I didn’t watch the Grammys – didn’t even know they had been on until I saw headlines the next morning saying who’d won. But I’ve already declared myself culturally out of touch, so that shouldn’t come as too much of a shock. Just another line for the obelisk.

But here’s this Lady Gaga again, somebody I hadn’t even heard of before a couple of months ago. And she’s singing a duet with Elton John, so I couldn’t resist finding the video (which I admit that I watched with the sound off). The production number seems like others of recent vintage that I’ve caught sight of, featuring a lot of people doing aerobics. And there’s LG, as dressed to kill as EJ ever was. Murder by flamboyance.

Younger readers may find this hard to believe, but before his Captain Fantastic persona, before he began performing in silly costumes, Elton John was a top-caliber rocker with no such pretensions. The proof of the pudding is his album 11-17-70 (17-11-70 in the UK release) capturing a radio concert from that date of (gulp) nearly forty years ago. With just piano, bass, and drums, it’s a hard, lean set kicking off with “Bad Side of the Moon”; and by the time he wraps up with an 18-minute medley building on “Burn Down the Mission,” you feel as exhausted as he must’ve been.

According to the Wikipedia entry, he cut his hand at some point during the set, and by the end of the show his keyboard was covered with blood. It also notes that EJ said in several interviews that he considered it his best live performance. The CD expands on the original LP’s edit of the concert with one additional track, but there had been a bootleg of the whole hour – wish I had it, and wonder why they couldn’t’ve put the whole thing on the CD.
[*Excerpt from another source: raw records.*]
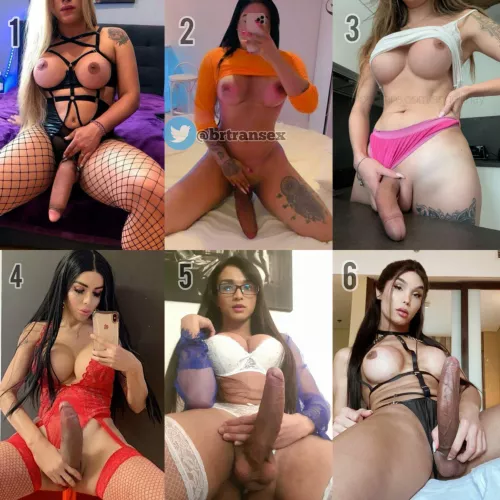 Select weapon(s) of your ass destruction. 😉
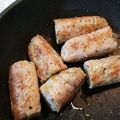クックZ899EX☆'s cooksnap of when they made ポリ袋で簡単★手作りソーセージ.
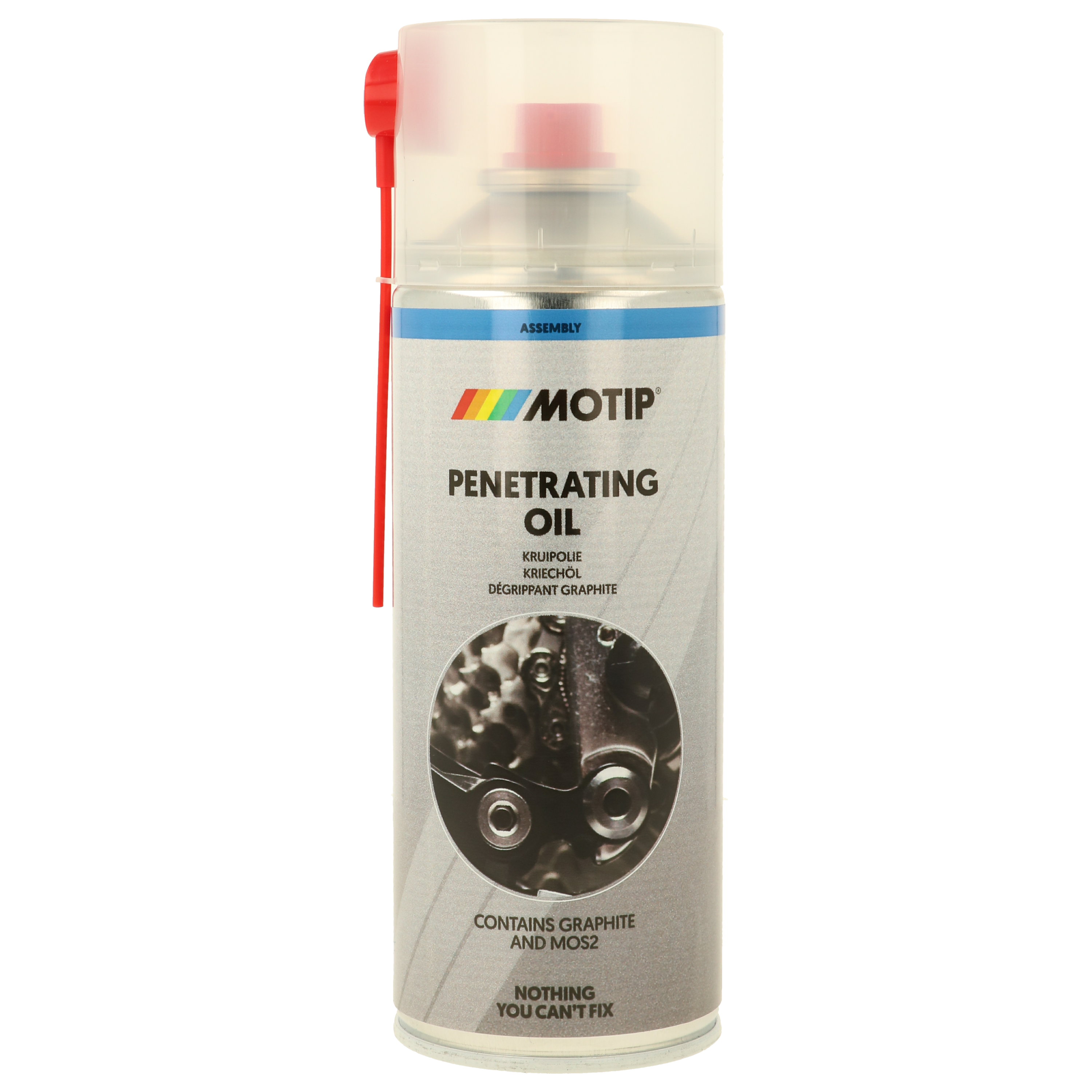 Kruipoliespray Motip Cycling - 400ml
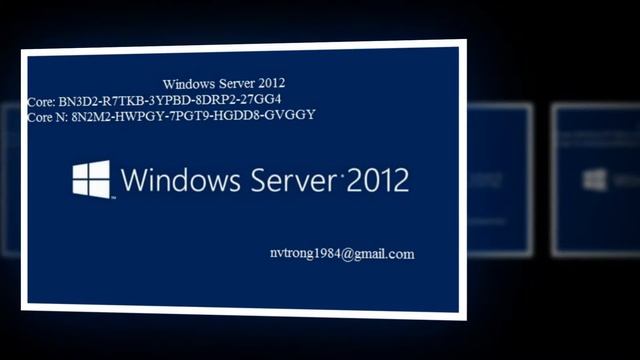Keys for Windows Server 2012 R2 смотреть онлайн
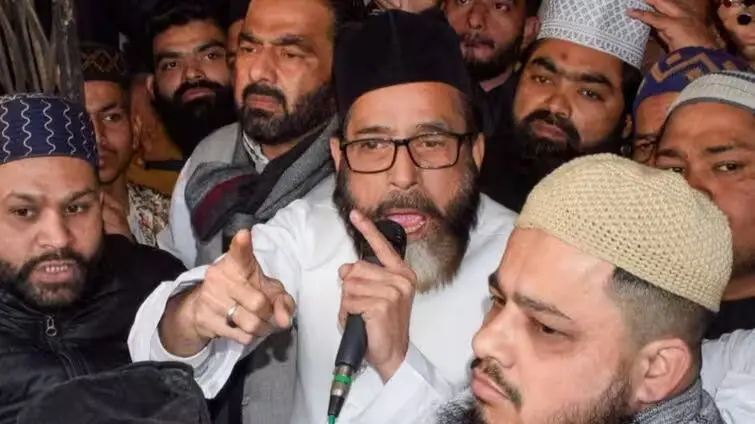 Maulana Tauqeer Raza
Sir Elton is undeniably a showman, and it’s obvious that his choice of on-stage apparel was never intended to compensate for any diminishment in talent. (From what I’ve read, he did it to compensate instead for a repressed childhood.) But it’s refreshing to listen to this early performance, not only for its raw energy but also to know that it wasn’t being delivered by a man dressed as Donald Duck.